Elsewhere other-posted:

It’s The Gweel Thing…Gweel & Other Alterities, Simon Whitechapel (Ideophasis Books, 2011)

Mi Is Mirror

I hope that nobody thinks I’m being racially prejudiced when I say that, much though I am fascinated by her, I do not find the Anglo-American academic Mikita Brottman physically attractive. It is her mind that has raised my longstanding interest, nothing more.

Honest.

This is because, for me, Ms B is like a mirror that reverses not left and right, but male and female.

Obviously, we’re different in a lot of ways: I don’t smoke and I don’t have any tattoos, for example.

But there are big similarities too.

We were born in the same year (1956) and we were both keyly core contributors to seminal early issues of the transgressive journal Headpress Journal.

And we have various other things in common, like our mutually shared passion for corpse’n’cannibal cinema, our Glaswegian accents and (at different times) our season tickets for Hull Kingston Rovers.

So it is that, looking at Ms B, I have the uncanny experience of seeing myself as I might have been, had I been born female.

But it’s not just uncanny.

It’s horrifying at times too.

Okay, I’m comfortable with the idea that, born female, I would have been less intelligent and more conformist.
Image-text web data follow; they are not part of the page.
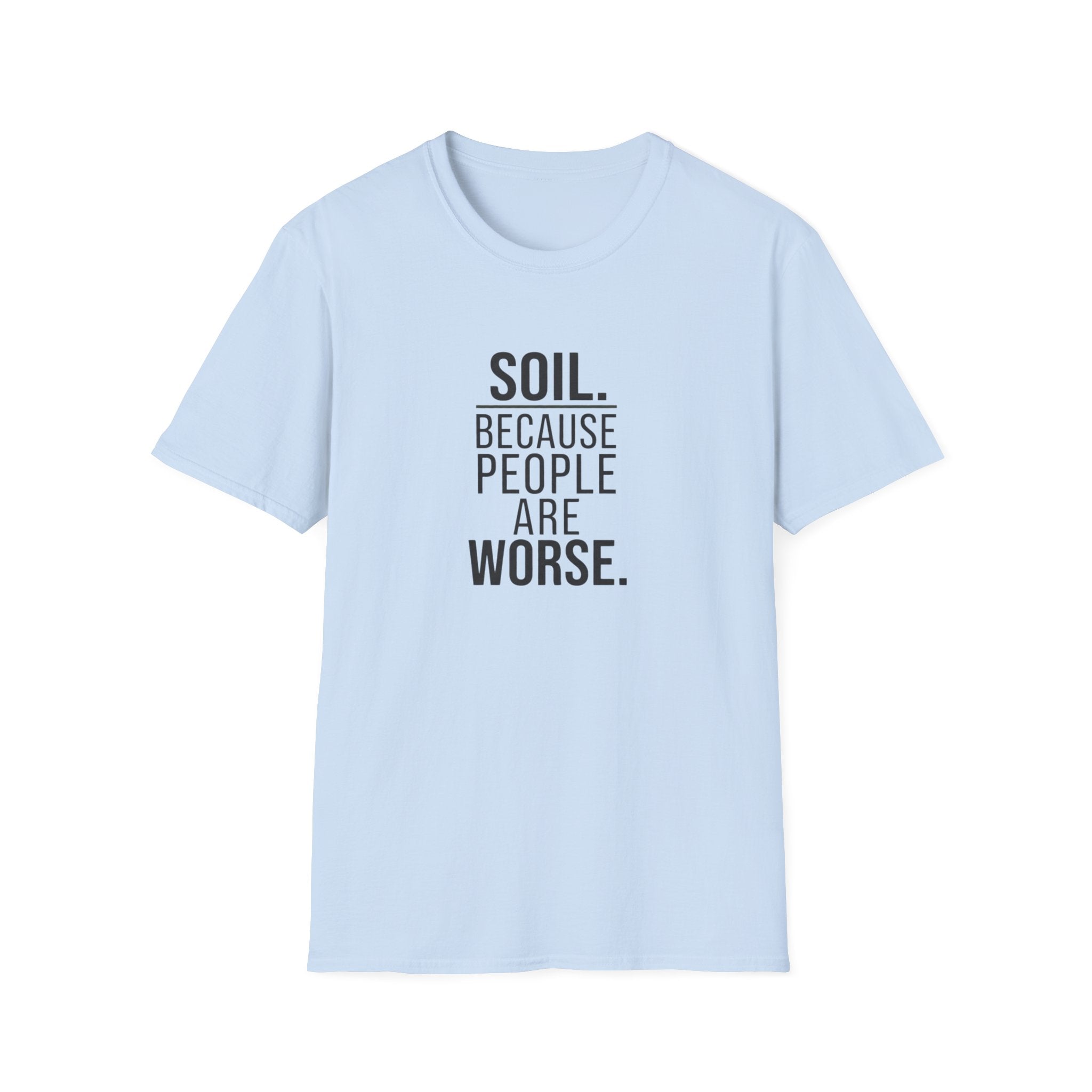 Soil. Because People Are Worse. T-Shirt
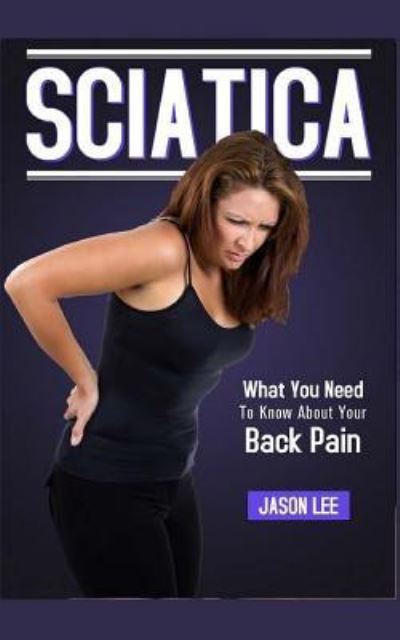 Cover for Jason Lee · Sciatica (Pocketbok) (2015)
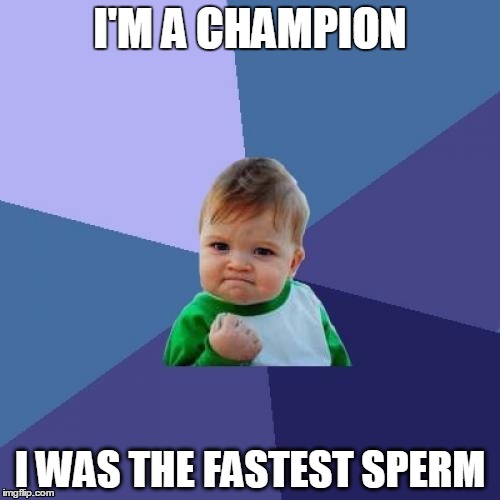 Success Kid Meme | I'M A CHAMPION; I WAS THE FASTEST SPERM | image tagged in memes,success kid | made w/ Imgflip meme maker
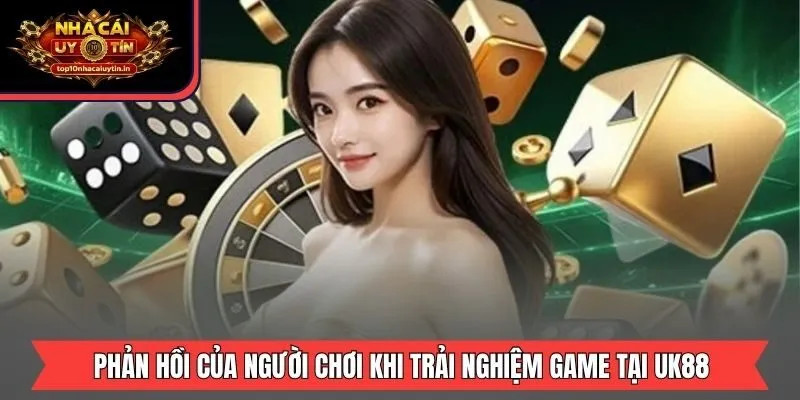 Phản hồi của người chơi khi trải nghiệm game tại UK88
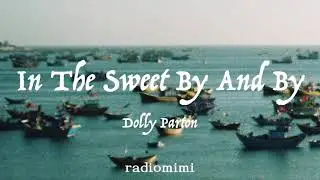 Dolly Parton- In the Sweet by and By (Lyrics)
So I don’t mind that Ms B is a Guardianista. Not particularly. I can face the fact that I would quite likely have been one of them too, as a female.

But there are worse things than being a Guardianista, believe it or not.

Ms B has a PhD in EngLit.

A PhD!

In EngLit.

It’s not at all easy for me to face the fact that I might have had one too, as a female. It really isn’t. But how can I deny it? I might have. That despicable, deplorable, thoroughly disreputable subject might have attracted me. In fact, it would probably have attracted me.

<retch>

But it gets worse still.

Ms B is a psychoanalyst.

A psychoanalyst.

Ach du lieber Gott!

See what I mean by “horrifying”?

I mean, even if I’d been born female I wouldn’t have sunk to such depths, would I? Would I? No, I have to face facts: I might. But I don’t think so. I have a feeling that there’s more to Brotty’s interest in Freud than her gender statusicity and her key commitment to core componency of the counter-cultural community.

But I’d better say no more. Verb sap.